=== Begin Enclosure ===
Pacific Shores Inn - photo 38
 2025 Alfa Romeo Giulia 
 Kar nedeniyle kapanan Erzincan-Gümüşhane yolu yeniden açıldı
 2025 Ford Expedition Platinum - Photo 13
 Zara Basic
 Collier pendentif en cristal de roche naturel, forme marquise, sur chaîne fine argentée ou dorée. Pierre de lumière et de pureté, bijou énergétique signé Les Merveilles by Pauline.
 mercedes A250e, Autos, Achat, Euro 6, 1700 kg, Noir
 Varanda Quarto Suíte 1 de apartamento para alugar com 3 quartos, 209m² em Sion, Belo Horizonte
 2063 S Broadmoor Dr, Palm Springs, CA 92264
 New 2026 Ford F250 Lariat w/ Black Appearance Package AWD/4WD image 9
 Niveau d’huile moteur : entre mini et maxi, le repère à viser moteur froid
=== End Enclosure ===
Tally up the lines holding the word "Ford" in the data above, and answer with that figure only.

**Task response**
2